Where and when could the police use video interpreting?

This week I am attending the British Society of Criminology Annual conference, Forging Social Justice: Local challenges, Global complexities hosted by the Helena Kennedy Centre for International Justice at Sheffield Hallam University.

I’ve come along to participate in some of the PHD workshops and focus on research topics that touch on police and policing. As you’ll see from this site my PhD is interested in looking at is using video mediated interpreting services (VMI) to facilitate interaction between Police Scotland and the various deaf communities in Scotland. Therefore, an important part of my research is linked to police work and doing research about the police. Familiarising myself with this field will prepare me in many ways to think about what kind of video interpreting interactions I’d like to analyse for my PhD.

For the past six months I have been finding out who are the police, what do we know about police work, how the police serve a diverse UK population and how do the police develop their professional practices to garner trust and legitimise their presences in modern day society. Coming to this conference is helping me reflect further on these points and on how I approach policing related research.

At the 2016 Scottish International Policing Conference in Edinburgh Phil Gormley (QPM), the Chief Constable of Police Scotland, explained how 80% of the force’s work is non-crime related. Police officers are in engaged in traffic control, search for missing people, anti-social behavior incidents, and assisting vulnerable people. Front line police officers are called upon to assist in unbelievable range of activities.

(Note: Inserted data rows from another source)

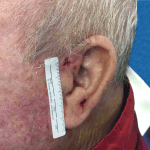 Mohs Ear Patient 07 Thumbnail Before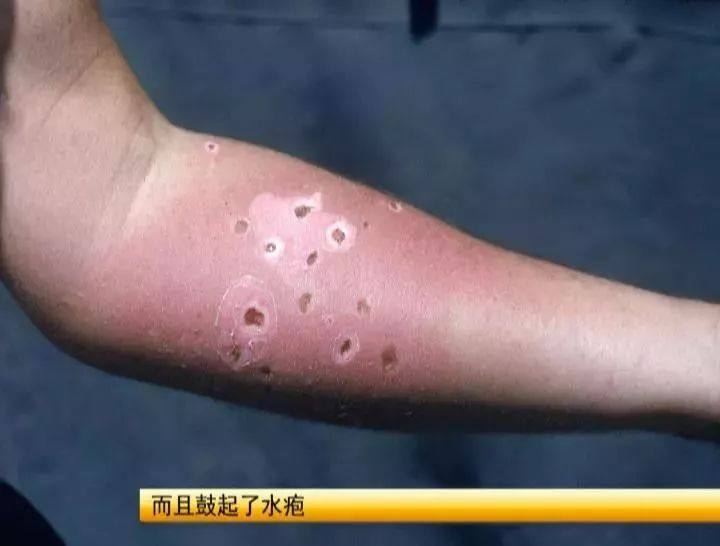 小区惊现罕见生物!严重可致命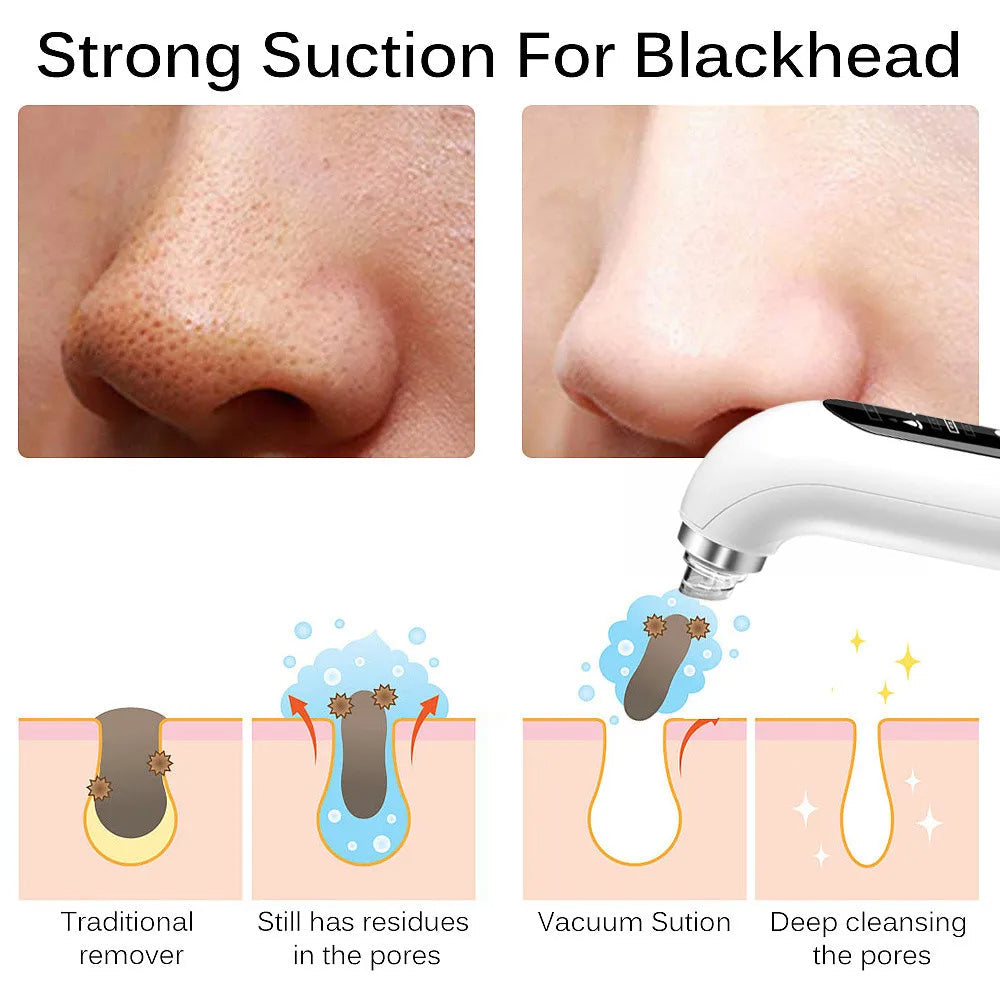 Uppdaterad Blackhead Remover Pore Vacuum Carvallo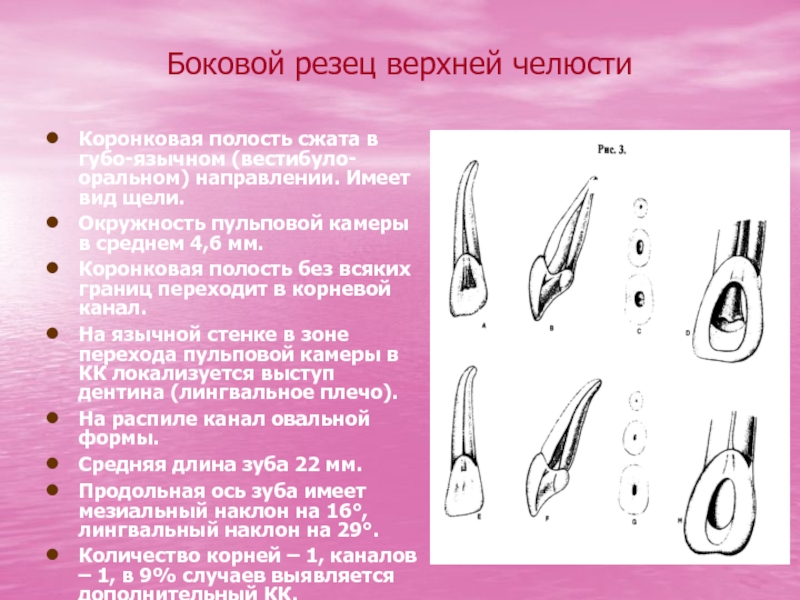 Боковой резец верхней челюсти фото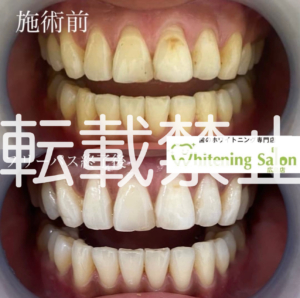 【うがいについて🦷】広島/ホワイトニング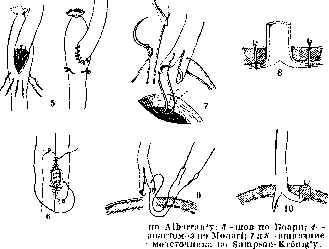 Ureter: figure 14 from the 1928–1936 encyclopedia article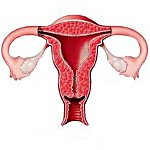 Гипоплазия матки это может быть киста яичника thumbnail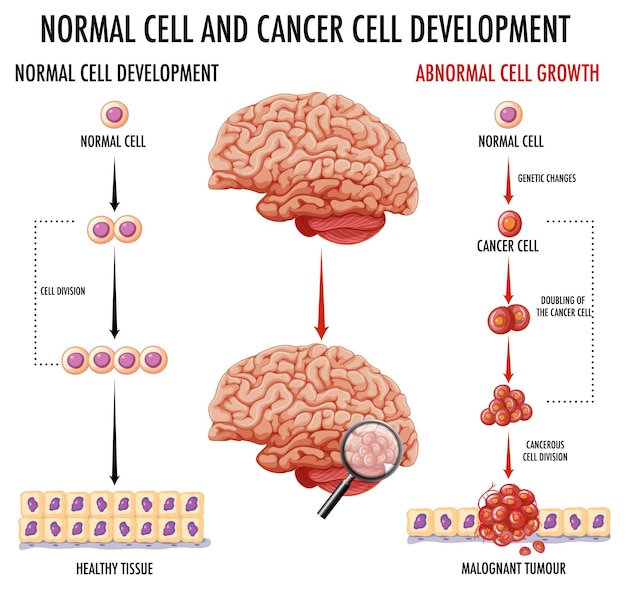 Vector gratuito diagrama que muestra una célula normal y una célula cancerosa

This range and breadth of activity is demonstrated in the Police 2026 strategy. In fact, recently Police Scotland invited the Scottish deaf communities to comment on their 2026 strategy by translating their content into BSL.  This consultation was carried out as part of Police Scotland’s engagement with the deaf communities (as described in the BSL (Scotland) Act).

For me, this webpage demonstrates the breath of work the police undertake and may give you some ideas to raise with me on where video interpreting can be used. For example do you think video interpreting could be used to

  • report an incident as a witness;
  • call for assistance;
  • report an incident and obtain a crime reference number (for insurance purposes);
  • make a statement (as a victim or witness), for example when a police officer comes to your home as part of a non-sensitive investigation;
  • facilitate a roadside interaction;
  • report a missing person;
  • report a hate crime;
  • report a domestic issue

I’d be interested to know where you think the technology can or can’t be used and why, or maybe you have actual experience of using a video interpreting service to reach the police? Get in touch if you’d like to share your thoughts or find out more about my research and participate – email ras3@hw.ac.uk.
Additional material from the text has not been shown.